Kubernetes 1.36.0-beta.0 Preview: Fewer Knobs, More Contracts

platform version release preview infographic

The platform version release preview for end-of-life/">Kubernetes 1.36.0-beta.0 targets the kind of outage nobody tweets about: control planes that refuse to boot because you kept one dead flag around, and auth stacks that quietly depended on “beta behavior” until GA turned it into a contract. If your upgrade playbook is still “bump version, watch pods,” enjoy your next incident review.

ExternalServiceAccountTokenSigner goes GA (authn plumbing becomes an SLO issue)

PR #136118 promotes ExternalServiceAccountTokenSigner to GA and locks the gate on. The external signer path (configured via –service-account-signing-endpoint) stops being an experiment and starts being part of the supported surface area. The kube-apiserver can now delegate signing and key management to an external process (UDS + gRPC).

So what? Teams running HSM / cloud-KMS-backed signing finally get an upstream-blessed path instead of distro-specific patches. The flip side: signer availability and latency become control-plane critical. A sick signer is no longer “some beta integration acting weird”; it’s now a first-class way to take your API server down.

Gotcha: the docs are explicit that file-based signing flags and the endpoint are mutually exclusive. Mixed configs (common in templated kubeadm manifests and vendor overlays) will bite you during rollout.

HonorPVReclaimPolicy feature gate removed (your binaries won’t start if you cling to it)

PR #135335 removes the HonorPVReclaimPolicy feature gate in 1.36. This is not a “behavior changed a bit” situation.

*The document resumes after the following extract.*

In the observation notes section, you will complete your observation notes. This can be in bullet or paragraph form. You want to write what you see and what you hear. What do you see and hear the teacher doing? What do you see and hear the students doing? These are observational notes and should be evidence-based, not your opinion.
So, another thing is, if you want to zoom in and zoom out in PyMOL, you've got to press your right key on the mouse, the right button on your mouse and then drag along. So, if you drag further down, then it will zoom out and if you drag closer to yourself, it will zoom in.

A removed gate means the component flag parsing can hard-fail. You don’t get to limp along with a warning.

So what? Your upgrade risk isn’t in runtime behavior; it’s in process start. CI that only validates Kubernetes objects but never boots a real control plane is about to look very optimistic.

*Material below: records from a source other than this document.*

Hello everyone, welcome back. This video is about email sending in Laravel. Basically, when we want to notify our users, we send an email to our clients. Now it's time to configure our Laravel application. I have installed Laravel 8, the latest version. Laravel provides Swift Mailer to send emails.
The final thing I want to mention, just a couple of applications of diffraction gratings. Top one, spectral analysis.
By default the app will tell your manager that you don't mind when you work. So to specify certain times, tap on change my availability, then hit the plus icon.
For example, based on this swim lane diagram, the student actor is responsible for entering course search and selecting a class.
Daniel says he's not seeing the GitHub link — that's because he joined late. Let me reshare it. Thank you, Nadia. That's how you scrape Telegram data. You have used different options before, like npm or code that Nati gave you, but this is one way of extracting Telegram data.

Gotcha: managed services sometimes keep a shadow config for control-plane flags. You can remove the flag in your repo and still have the provider injecting it. Audit both.

RealFIFO / InOrderInformers promoted to GA (client-go ordering stops being optional)

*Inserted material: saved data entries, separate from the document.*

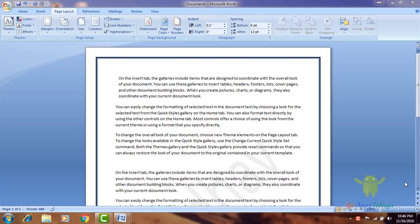Hey guys, Madhu here. In this video, we will do a paragraph or lines in the left-right size.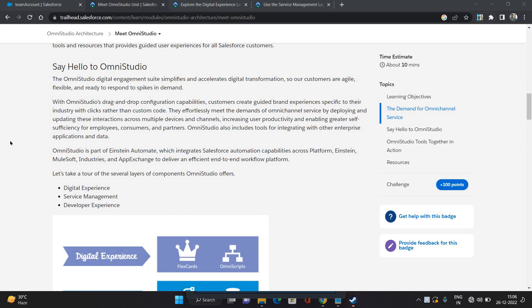Hello everyone, this is Abhishek Bagharwan, welcome to my channel. So today I have come up with a new Salesforce series - Omni Studio. Omni Studio is a digital engagement suite that simplifies and accelerates digital transformation.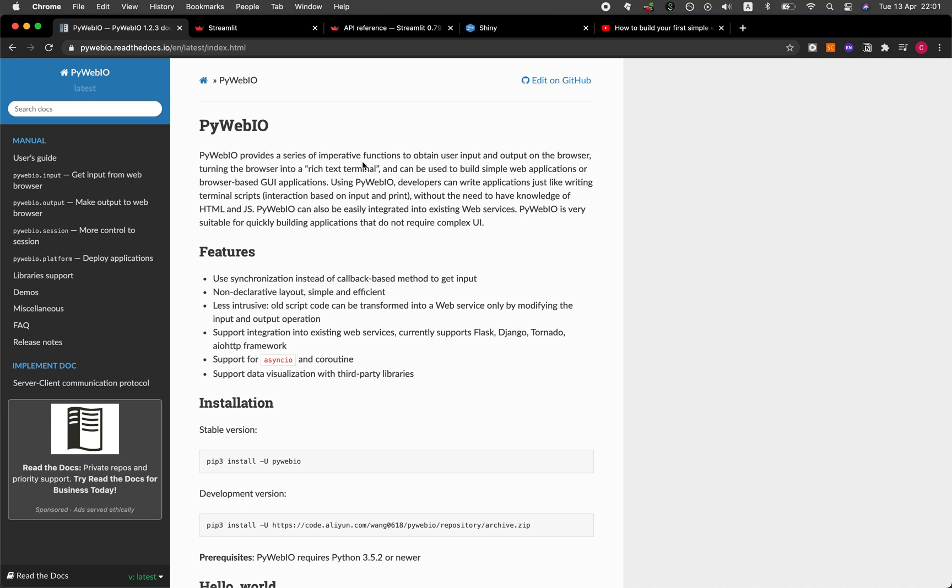In this video, I'm going to be comparing some of my favorite web frameworks in Python and R, namely PyWebIO and Streamlit in Python, and also the R Shiny package. And so without further ado, we're starting right now.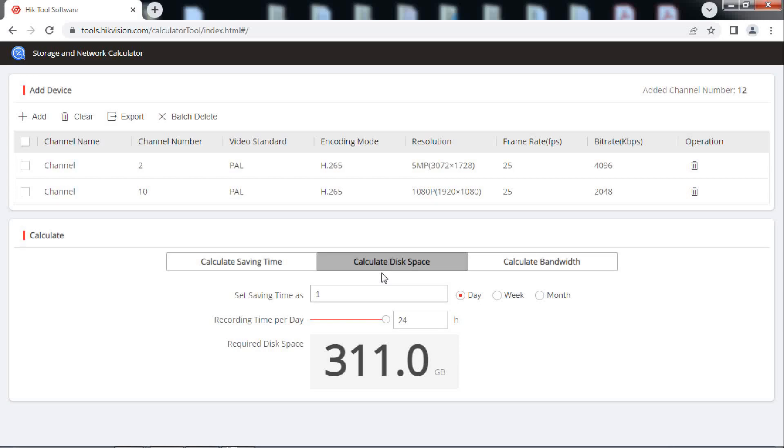We have learnt to calculate the disk space required. Alternatively, we can input the capacity of the hard disk and calculate the number of days of recording that it will offer.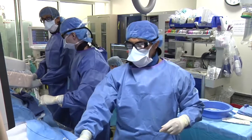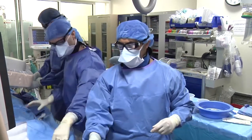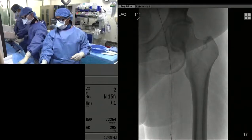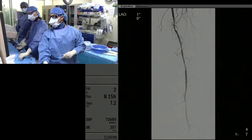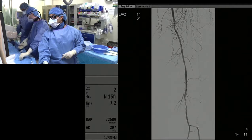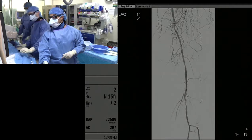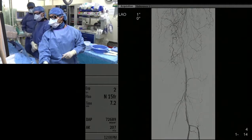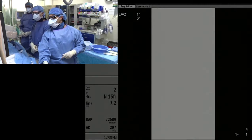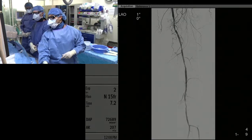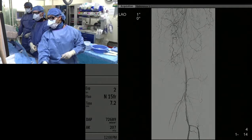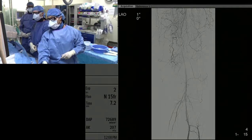Going through the angiogram — you can see the distal SFA and popliteal artery, which has several areas of moderately severe stenosis. The bulk of the lesion is actually in the popliteal artery.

PR #136601 graduates InOrderInformers (RealFIFO) to GA. The PR discussion is blunt: they want to lock it on and “start the clock” to delete older, less-correct paths.

So what? If you maintain controllers/operators, you need to validate assumptions about informer delivery ordering and any subtle race masking you were getting from older queue behavior. Most code will be fine. The weird stuff—homegrown caches, event coalescing, brittle tests that implicitly relied on reorder—will start flaking.

Gotcha: watch your test harnesses. The PR thread calls out compatibility mode concerns for unit tests that toggle gates. Translation: your downstream “it still passes on 1.35” suite can lie.

Kubernetes isn’t chasing shiny features here; it’s paying down debt in the most Kubernetes way possible: by turning “optional” behavior into the default, then deleting escape hatches. External JWT signing going GA tracks the reality of modern security posture: key custody is leaving the node filesystem. Meanwhile, feature-gate removal is the project forcing operators to stop running museums.

The subtext: upstream is drawing harder boundaries around what’s supported. If you’re a distro, you get a cleaner contract. If you’re an SRE, you get fewer toggles to save you when something misbehaves. Pick your poison.

Target for preview testing is v1.36.0-beta.0 (planned 2026-03-11). Don’t wait for 1.36.0 if you care about avoiding ugly surprises.

Test the beta (cluster bring-up)

git clone https://github.com/kubernetes/kubernetes
cd kubernetes
# Build or use your preferred tooling; the key is: boot a real control plane.
# If you use kind, you’ll need an image that matches 1.36 beta once published.

External JWT signer (kube-apiserver flags)

# External signer enabled via Unix domain socket (UDS)
# Example flag (actual socket path depends on your deployment):
--service-account-signing-endpoint=/var/run/kubernetes/external-jwt-signer.sock

# Ensure you are NOT also setting:
# --service-account-key-file
# --service-account-signing-key-file

Red Flags to watch for in logs

Unknown feature gate / unrecognized feature gate (component startup failure). Hunt for removed flags like HonorPVReclaimPolicy.
External signer health / connection failures during kube-apiserver startup or token issuance paths (UDS connect errors, gRPC deadline exceeded).
Controller/operator flake: cache sync weirdness, reflector warnings, or tests that start failing only under load—classic symptom of latent ordering assumptions.